TIA to Submit Comments on Children’s Online Privacy Protection Rule

As previously reported to TIA members, the Federal Trade Commission has issued a call for public comments on its implementation of the Children’s Online Privacy Protection Act (COPPA) through the Children’s Online Privacy Protection Rule.  The Toy Industry Association (TIA), under the joint leadership of its Responsible Marketing to Children Subcommittee and the Federal Government Affairs Committee, along with the assistance of outside counsel, has finalized a set of written comments that it will submit on behalf of the toy industry.  

The COPPA Rule was enacted in April 2000 and requires Web site operators to obtain parental consent before collecting, using, or disclosing personal information from children under 13. It also requires that the operators keep the information they collect from children secure, and prohibits them from requiring children to turn over any more personal information than is reasonably necessary to participate in activities on their Web sites. Normally reviewed on a ten-year schedule, early consideration of an update has been prompted by rapidly changing technology such as the increased use of smartphones and other devices to access websites and online services, as well as new methods for collecting and using information online. 

“TIA has long been an advocate of sound and sensible measures to protect children’s privacy and safety online,” said Carter Keithley, TIA president.  “Nothing is more important to our members than the safety of children and the trust of their parents.”
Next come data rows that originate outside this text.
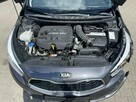 Kia Cee'd Spirit SW Climatronic Navi - 11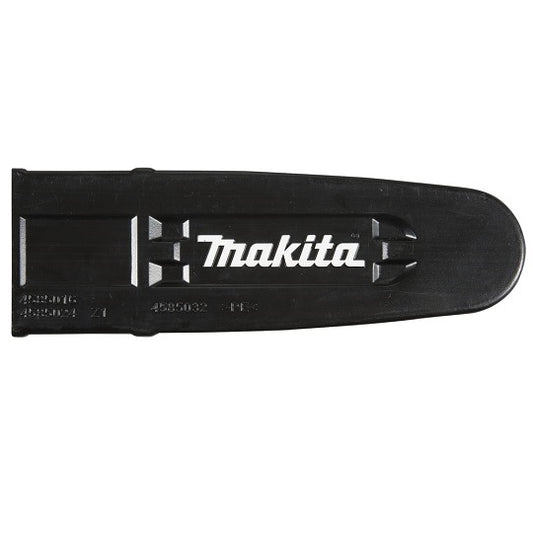 Makita Führungsschiene 25cm – Passend für Diverse Hecksägen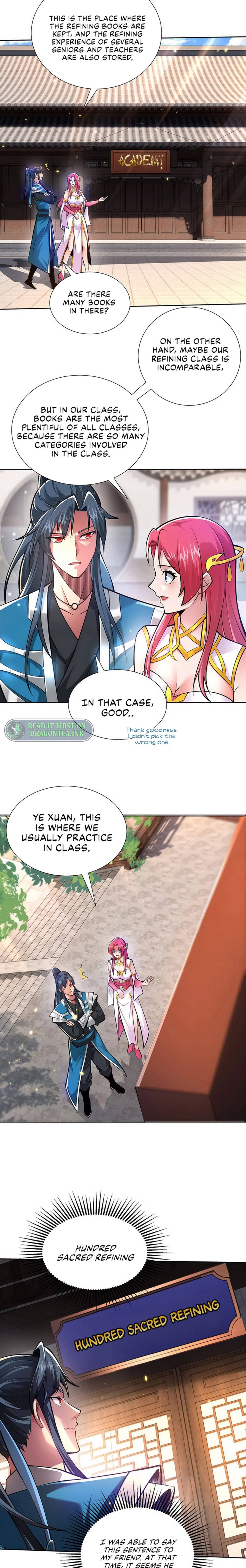 Page 3 of Chapter 18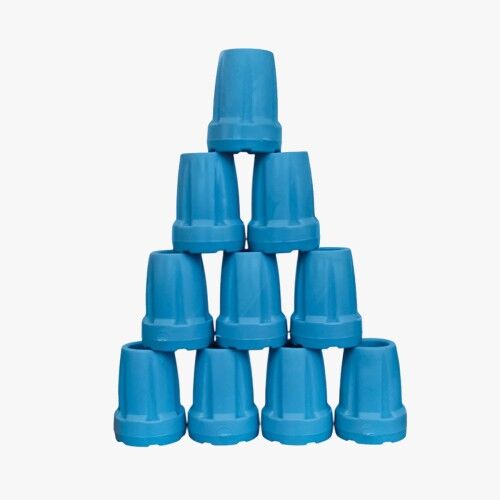 Baston Lastiği 22 mm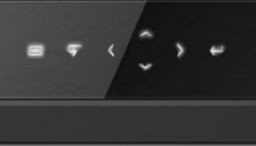 IP видеорегистратор Tantos TSr-NV64851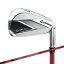 ơ顼ᥤ ƥ륹 STEALTH 6I AW TENSEI RED TM40 ñʥ 2022ǥ ǥ TaylorMade ե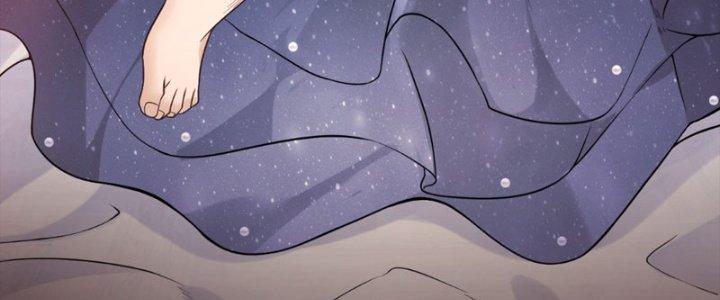 Chí Tôn Cuồng Tế Chapter 10 - Next Chapter 11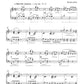 3 Jazz Suites for Piano Book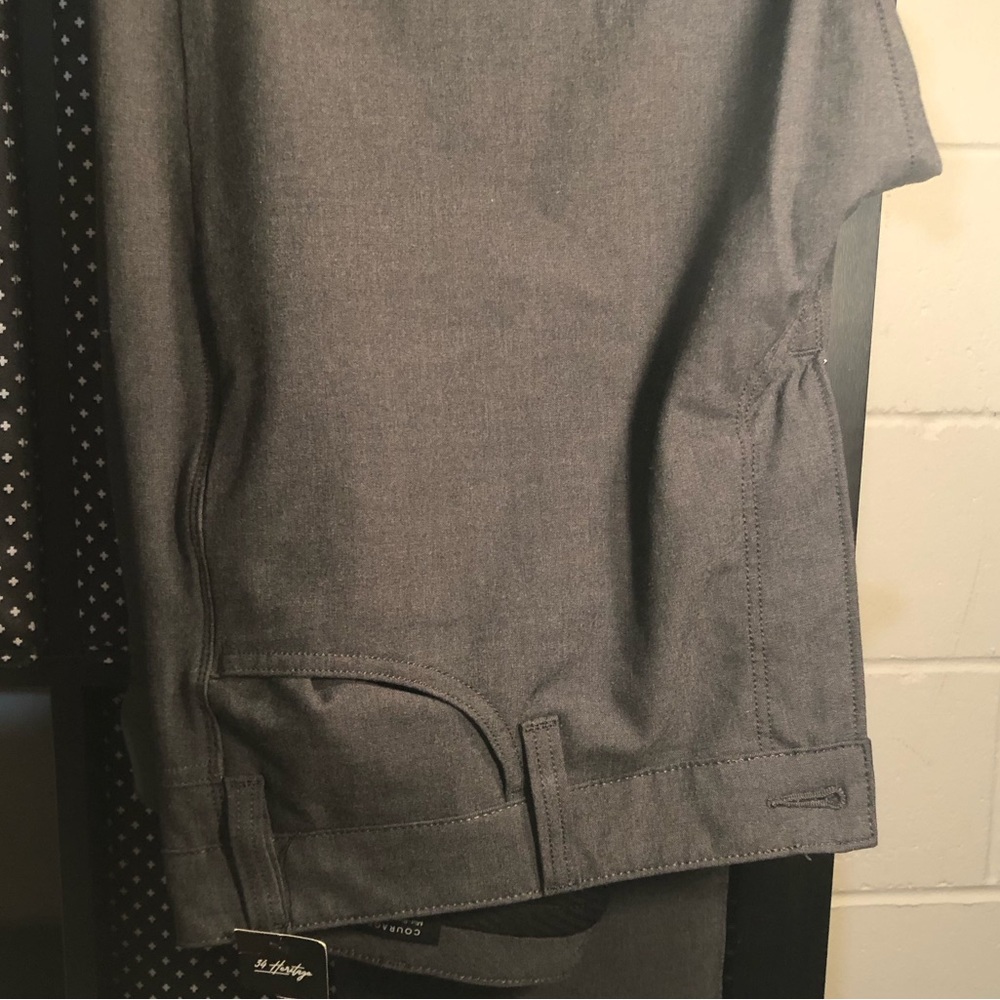34 Heritage Men’s Pants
In its response, TIA indicated its belief that the COPPA Rule has worked well to protect children’s online privacy and that changes to the Rule should not be made lightly.  Any modifications must offer substantial privacy and safety benefits to both children and their parents without undue burdens on operators. TIA’s comments also suggested that all the parental consent mechanisms currently recognized in the COPPA Rule remain necessary and valid. 

Responses were provided to questions posted by the FTC in ten major subject areas.

“The COPPA Rule has been effective in protecting children,” stated Keithley.  “Any changes to the COPPA Rule must be thoroughly examined to be sure they are consistent with the statute, reflect sound public policy, are technologically appropriate, and can be implemented in a common sense manner.  The costs and benefits of any changes must be weighed to avoid any unnecessary and unintended adverse effects on both consumers and on companies that must comply.”

TIA’s comments will be submitted on Wednesday, June 30th … the posted deadline for input.